They portrayed royalty and nobility, owned workshops, schooled individual aspirants, but for the most part fell into oblivion: women artists. Northern and southern Europe of the sixteenth and eighteenth centuries was home to far more women painters, teachers and graphic artists (some highly successful) than we have been led to expect. While, for women a career in art was not altogether out of the question, it was deemed socially undesirable and would be pursued only under exceptional circumstances. However, aided by family members, teachers and other pioneers, such prescriptive roles could be breached.
Women were long barred from art academies (in Italy, for instance, until 1606). Hence, typically, women artists stemmed from artistic families, where they could acquire the necessary skills outside of official studies. Of Marietta Robusti, nicknamed La Tintoretta (c. 1554/55–1614), – daughter of Jacopo Robusti, known as Tintoretto, – we know that she accompanied her father on commissions at an early age prior to herself becoming a celebrated painter. Yet others had less good fortune and worked for their family members in secrecy. Still others were married into artist families. Of Rachel Ruysch (1664–1750), evidence indicates that her husband, painter Jurien Pool (1666–1745), not only encouraged her to paint, but that her still lifes even sold more than his. Rarer aspirants stemmed from a higher social class, as was the case with Sofonisba Anguissola (1532–1625). Trained by artist and master Bernardino Campi (1522–1591), she even received commissions from the Spanish court.
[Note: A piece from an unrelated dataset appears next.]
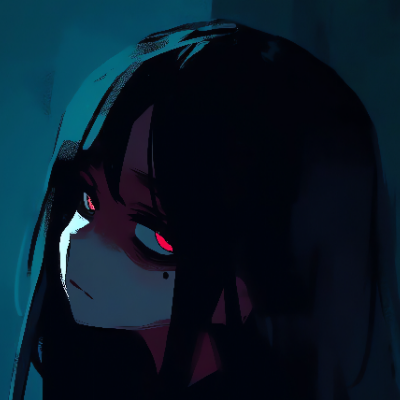 Avatar for 𝐘𝐚𝐤𝐬𝐡𝐚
A joint endeavor initiated by the Bucerius Kunst Forum Hamburg and the Kunstmuseum Basel, the exhibition showcases works by eighteen women artists, contextualising them for the first time with those of their fathers, brothers, husbands and teachers: This series of focused juxtapositions, creative and thematic parallels and divergences are presented in truly fascinating form. Against the background of societal and familial milieu, Ingenious Women brings together portraits, history paintings, still lifes, drawings and graphic arts dating from the Renaissance, Baroque and Classicist epochs.